При этих словах мистер Мэси остановился, рассчитывая заметить признаки каких-либо чувств на лице собеседника, но, ничего не увидев, продолжал:
— А что касается денег за костюм, то вы за своим станком, вероятно, зарабатываете около фунта в неделю, не так ли, мастер Марнер? И вы ведь еще совсем молодой человек, хоть и выглядите таким разбитым. Вам, наверно, не было еще и двадцати пяти, когда вы явились в наши края?
Сайлес вздрогнул, уловив вопросительную интонацию, и нерешительно ответил:
— Не знаю, не могу точно сказать… Это было так давно.
После того как мистеру Мэси довелось услышать такой ответ, нет ничего удивительного, если он, сидя вечером в «Радуге», заметил, что в голове у Марнера «каша» и очень сомнительно, знает ли бедняга, когда наступает воскресенье: он, пожалуй, худший язычник, чем иная собака.
После мистера Мэси к Сайлесу явилась гостья с таким же твердым намерением утешить его.
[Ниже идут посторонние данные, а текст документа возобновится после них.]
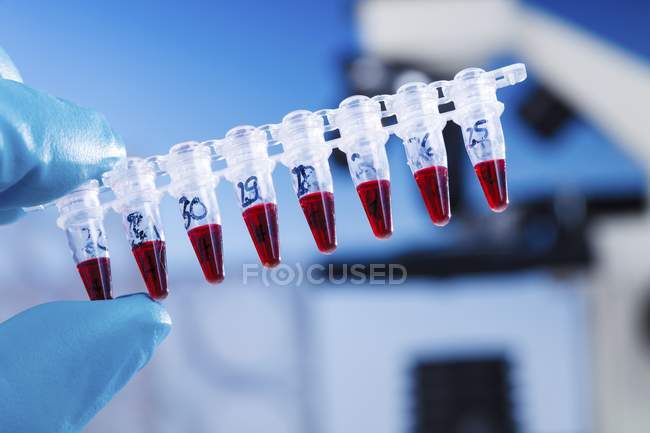 Primer plano del científico que sostiene microtubos de análisis de sangre
. - foto de stock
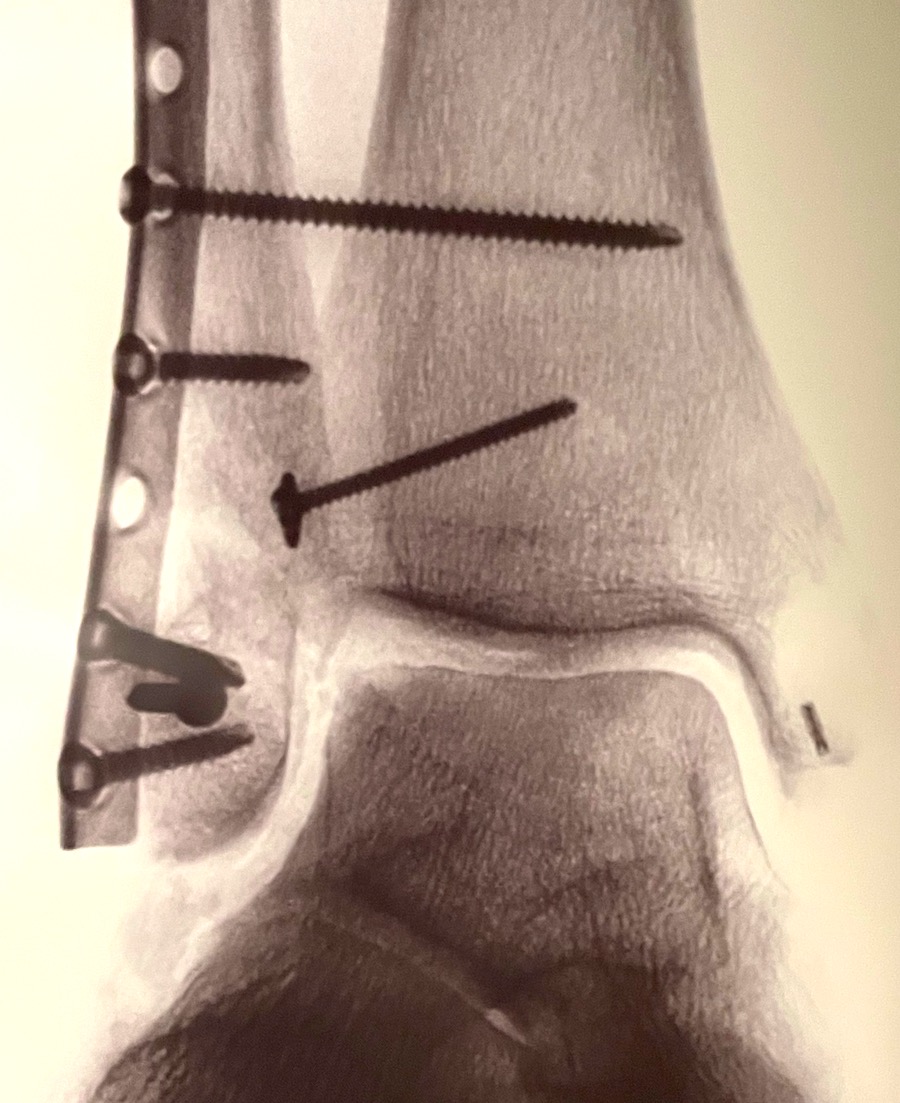 Broken ankle Broken ankle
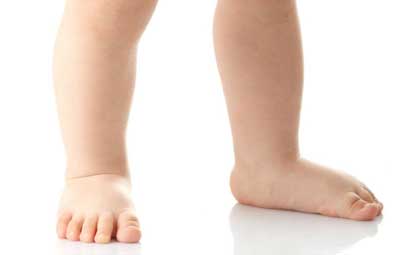 تشخیص کف پای صاف در کودکان، درمان صافی کف پا در کودکان، درمان صافی کف پا در طب سنتی،  کفش مخصوص کف پای صاف،  فوق تخصص صافی کف پا،  تشخیص کف پای صاف،  عکس از صافی کف پا،  برای درمان کف پای صاف به چه دکتری باید مراجعه کرد،  کلینیک تخصصی پای کودکان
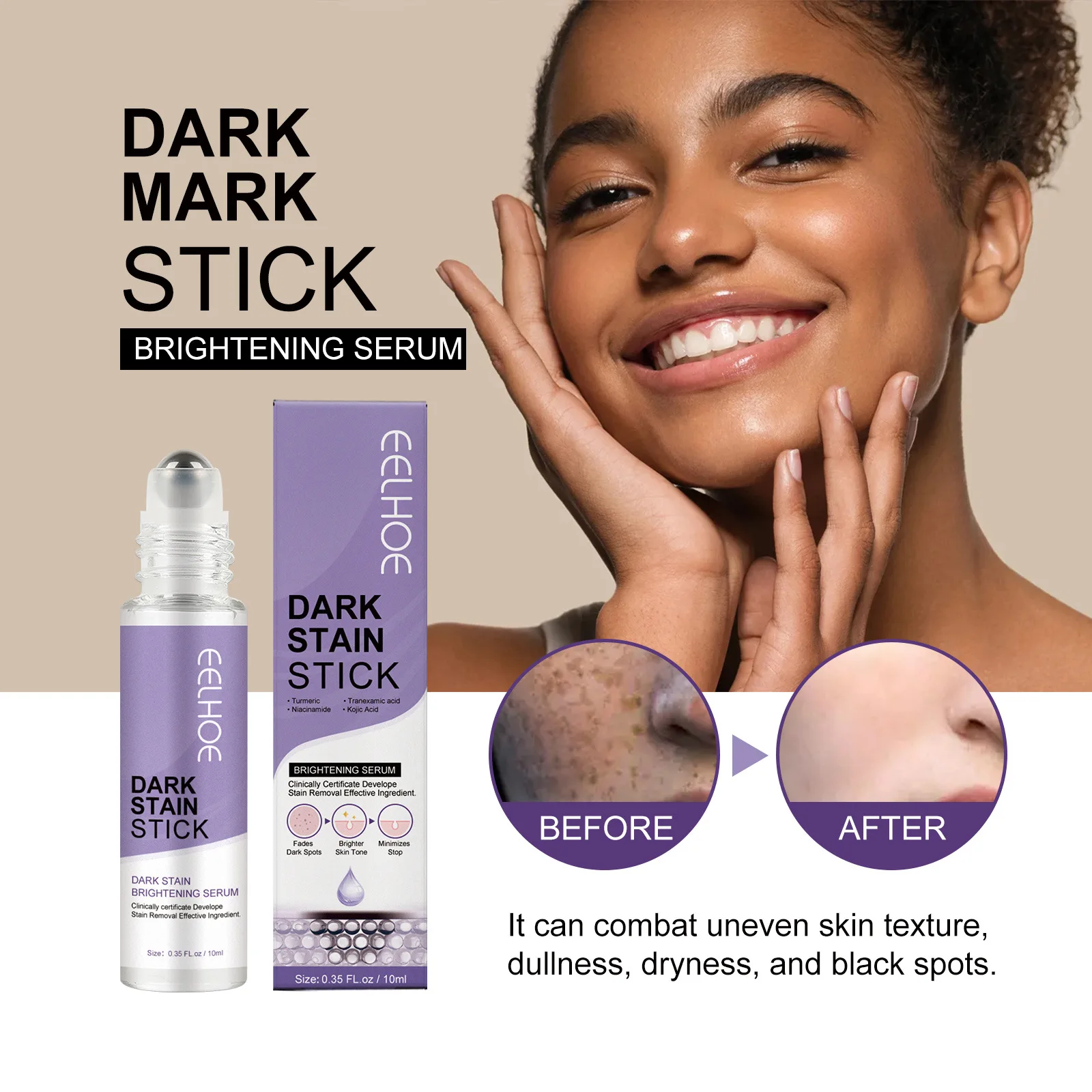 Для отбеливания веснушек ролик для крема для удаления темных пятен мелазма осветляет рубцы от акне, пигментация меланина, осветляет уход за кожей
Для отбеливания веснушек ролик для крема для удаления темных пятен мелазма осветляет рубцы от акне, пигментация меланина, осветляет уход за кожей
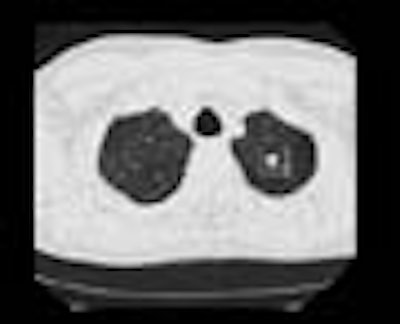 AuntMinnieTV: I-ELCAP results predict lung cancer risk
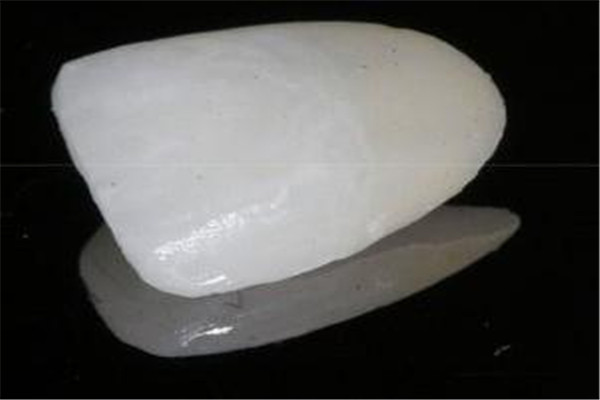 牙齒貼面能維持多久 維持時(shí)間取決于很多因素 牙齒貼面能維持多久 維持時(shí)間取決于很多因素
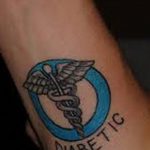фото Медицинские тату от 22.04.2018 №047 - Medical Tattoo - tatufoto.com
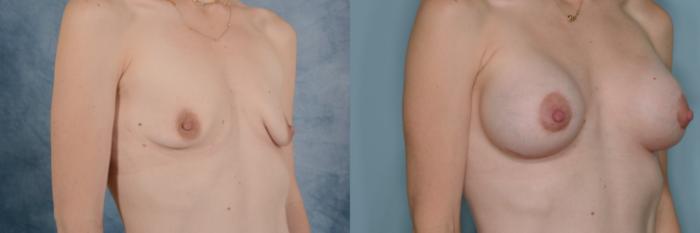 Before & After Breast Lift (Mastopexy) with Implants Case 653 Right Side View in Tallahassee, FL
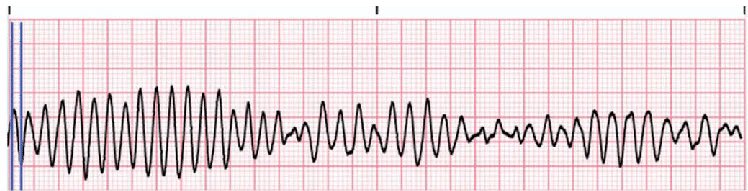 CardiovascularCorner tweet media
Это была миссис Уинтроп, жена колесного мастера. Жители Рейвлоу не отличались большим постоянством в посещении церкви, и, наверно, большинство прихожан считало, что ходить в храм божий каждый воскресный день по календарю означало бы слишком жадное желание быть в хороших отношениях с небесами и тем достигнуть незаслуженного преимущества перед соседями, стать выше обыкновенных людей, имевших тех же крестных отцов и матерей и те же права на панихиду. Тем не менее, было принято, что каждый из прихожан, кроме слуг и молодых людей, раз в год в один из больших праздников шел к причастию. Сквайр Кесс, например, делал это на Рождество. Впрочем, те, кого считали «людьми хорошей жизни», посещали богослужение с большим, но все же умеренным усердием.